Wednesday, January 8, 2014

The Brutal Decades

Tony Judt:
In the physical history of the European city, the 1950s and 1960s were truly terrible decades. The damage that was done to the material fabric of urban life in those years is the dark, still half-unacknowledged underside of the "thirty glorious years" of economic development – analogous in its way to the price paid for the industrial urbanization of the previous century. Although certain amends would be made in later decades – notably in France, where planned modernization and heavy investment in roads and transport networks brought a distinct improvement in the quality of life to some of the grimmer outer suburbs – the damage could never be wholly undone.

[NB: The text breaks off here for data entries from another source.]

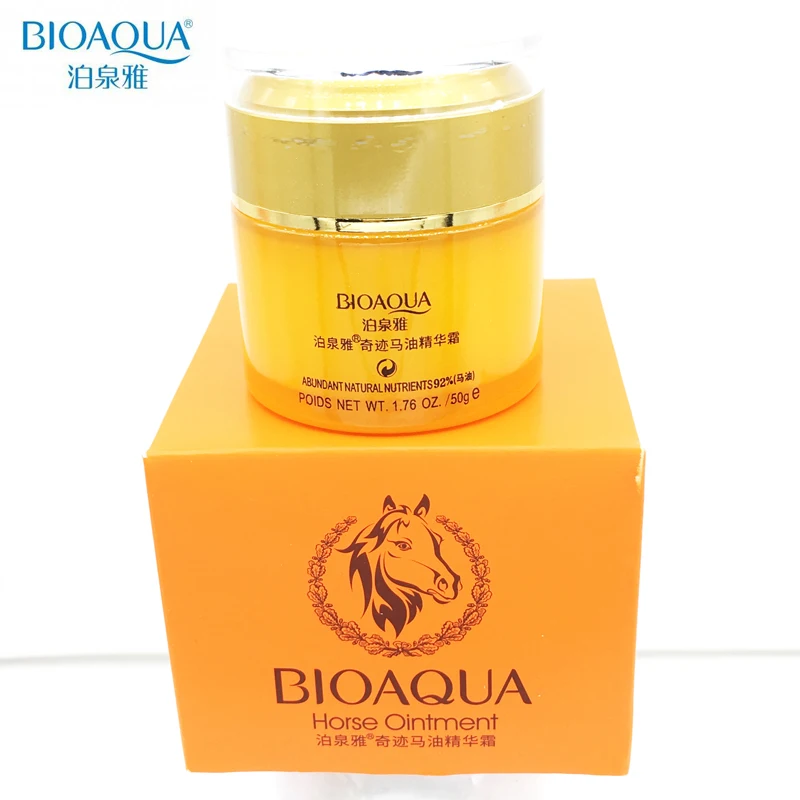 Horse Oil Miracle Cream 50g Results Scar Stretch Mark Spots Whitening Acne Wrinkles Anti-aging Improve Skin Dry Contractive Pore
Horse Oil Miracle Cream 50g Results Scar Stretch Mark Spots Whitening Acne Wrinkles Anti-aging Improve Skin Dry Contractive Pore
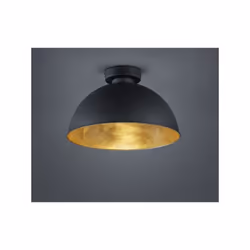 JIMMY PLAFONIERA CUP. MET. NERO+ORO D.31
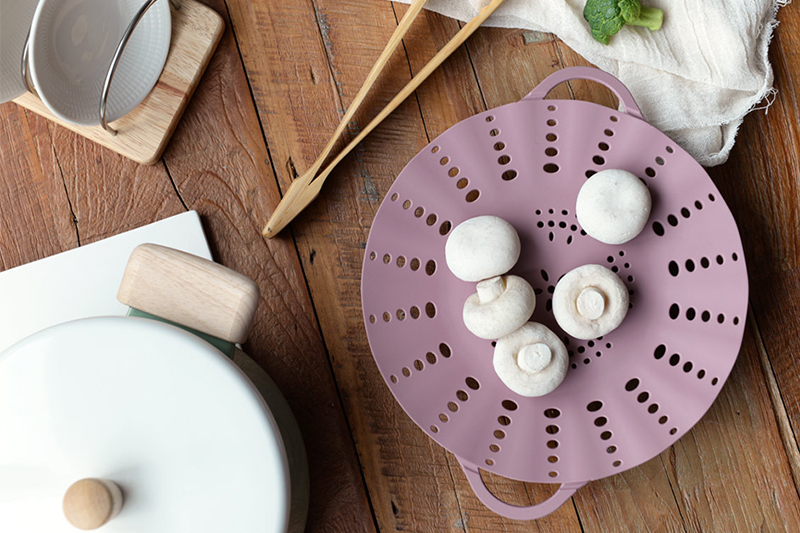 Domestic Non-toxic Silicone Steamer 2 Type 6 Color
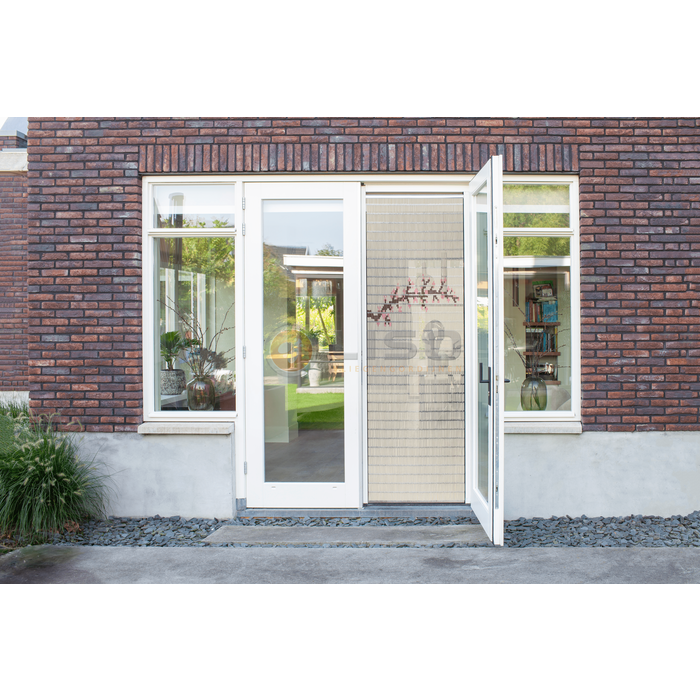 Liso ® 127 Vliegengordijn met Sakura - kant en klaar 92 x 209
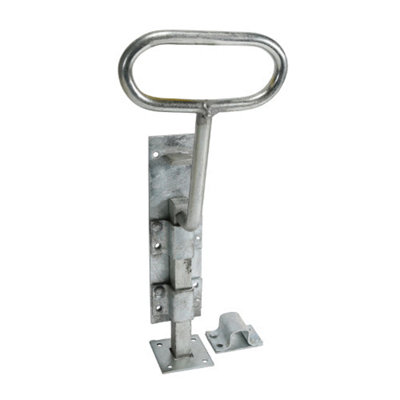 Timco Bow Handle Bolt Hot Dipped Galvanised - 12"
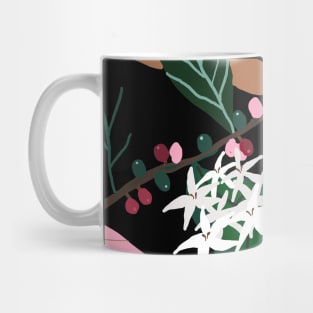 a coffee  tree, hand drawing Mug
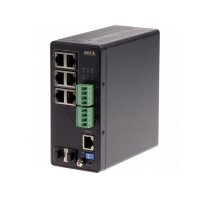 EAN 7331021066199 - Axis 01633-001 switch Gestionado Gigabit Ethernet (10/100/1000) Energía sobre Ethernet (PoE) Negro imagen 2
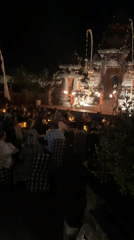 Traditional Balinese torch dance performed at resort in Kuta Selatan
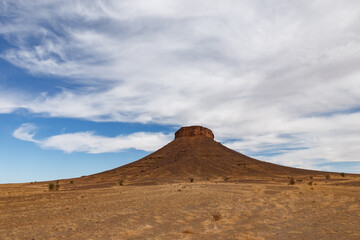 mountain in the Sahara Desert, Errachidia Province Morocco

Major cities – Frankfurt, Brussels, London above all – discovered all too late that they had sold their urban birthright for a mess of brutalist pottage.
– from Postwar (2005)

Top, apartment building in London. Above, Torre Velasca, Milan

Sarcelles, outside Paris. Hard to beat Judt's description of the effect of whole new towns built in this style: "ugly, soulless, stifling, inhuman and – in a term that was acquiring currency – alienating."

Ronan Point, London, which "had the good taste to fall down of its own accord in 1968."

Alton Estate, Roehampton. The mind boggles at the horror of this place. Below, Trellick Tower and St. Agnes Church, Berlin

1 comment:

ArEn said...

They look like the Baltimore City high rise projects that they finally tore down.